# Activity
All lines from the one that has "Muubs Chamfer loungestol (Anthracite)" onward to the end of the records below are to be returned exactly; pictures are to be skipped.

** Material supplied follows **

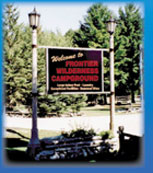 front sign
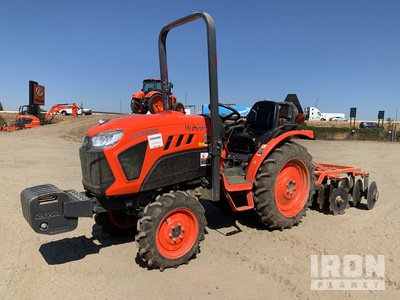 2025 Kubota LX3520DTN 4WD Trattore da giardinaggio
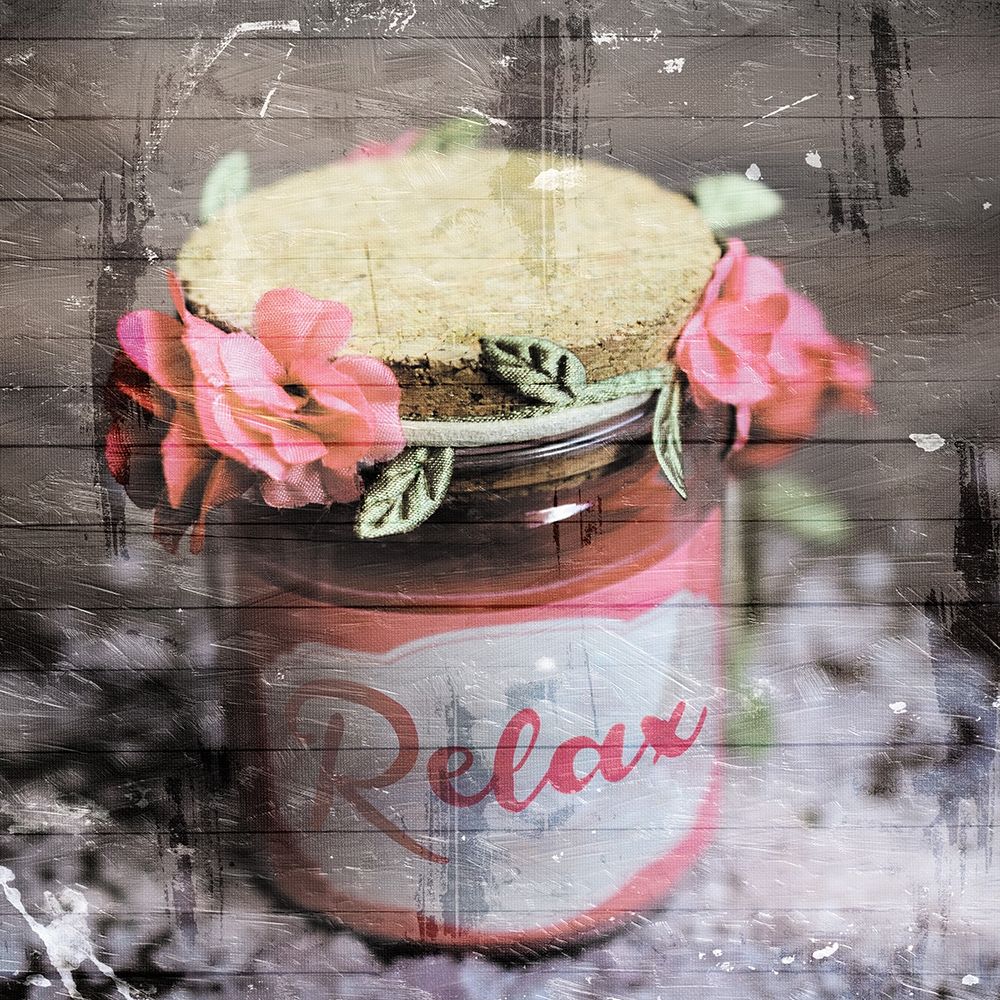 Relaxing Candle art print by Milli Villa for $57.95 CAD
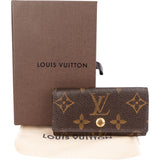 Louis Vuitton Canvas Monogram Keyholder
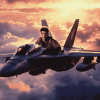 Top Gun Iconic Movie Diamond Painting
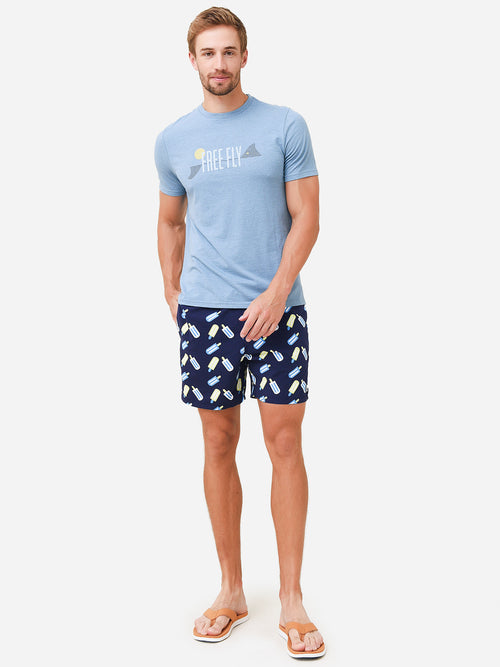 Tom & Teddy Men's Ice Lollies Swim Trunk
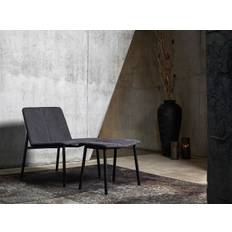 Muubs Chamfer loungestol (Anthracite)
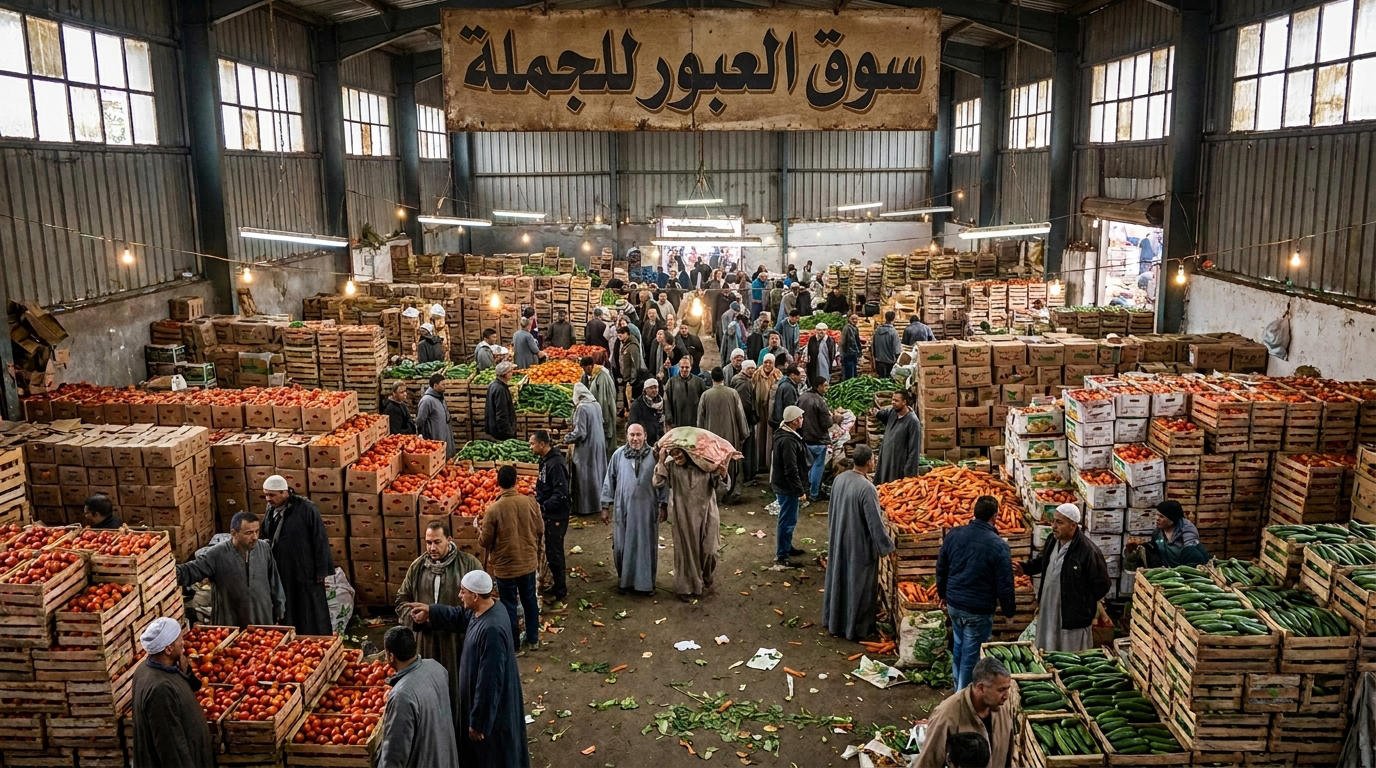 سوق العبور وأسعار الغذاء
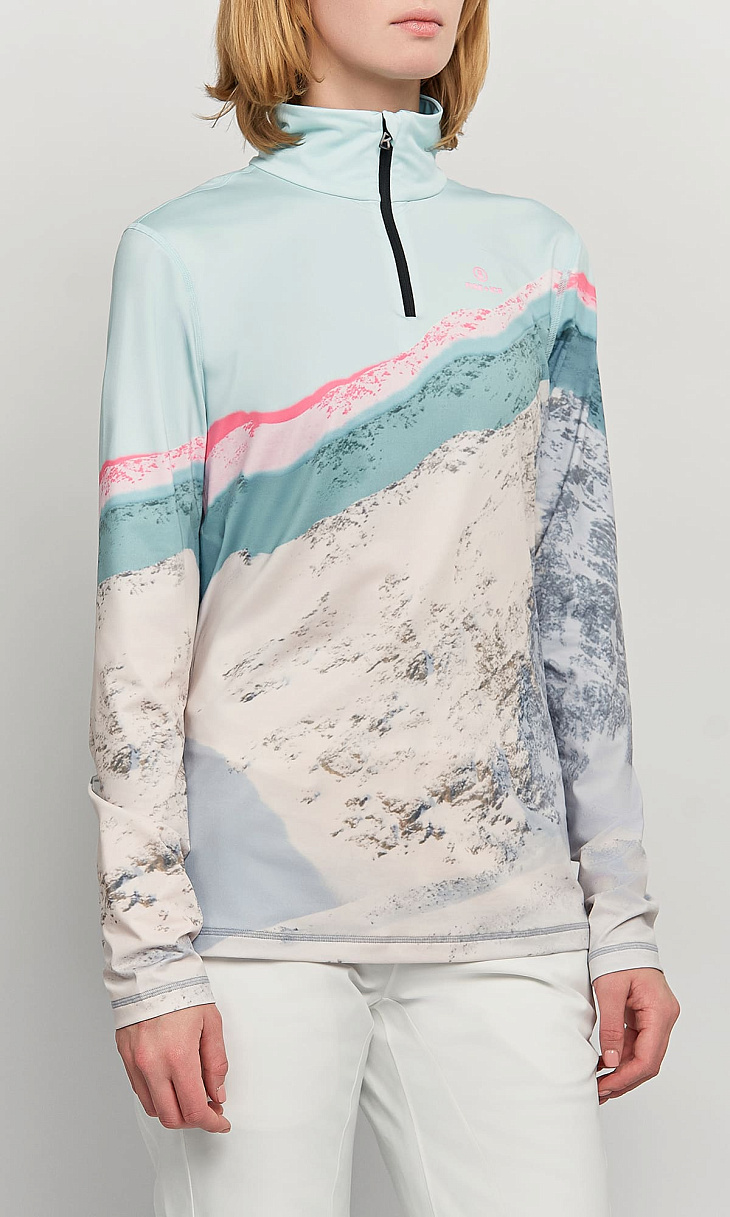 Bogner: Лонгслив с принтом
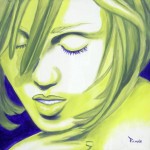 Portrait Illustrations by Holly Picano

** End of Material supplied **

# Expected answer
 Muubs Chamfer loungestol (Anthracite)
 سوق العبور وأسعار الغذاء
 Bogner: Лонгслив с принтом
 Portrait Illustrations by Holly Picano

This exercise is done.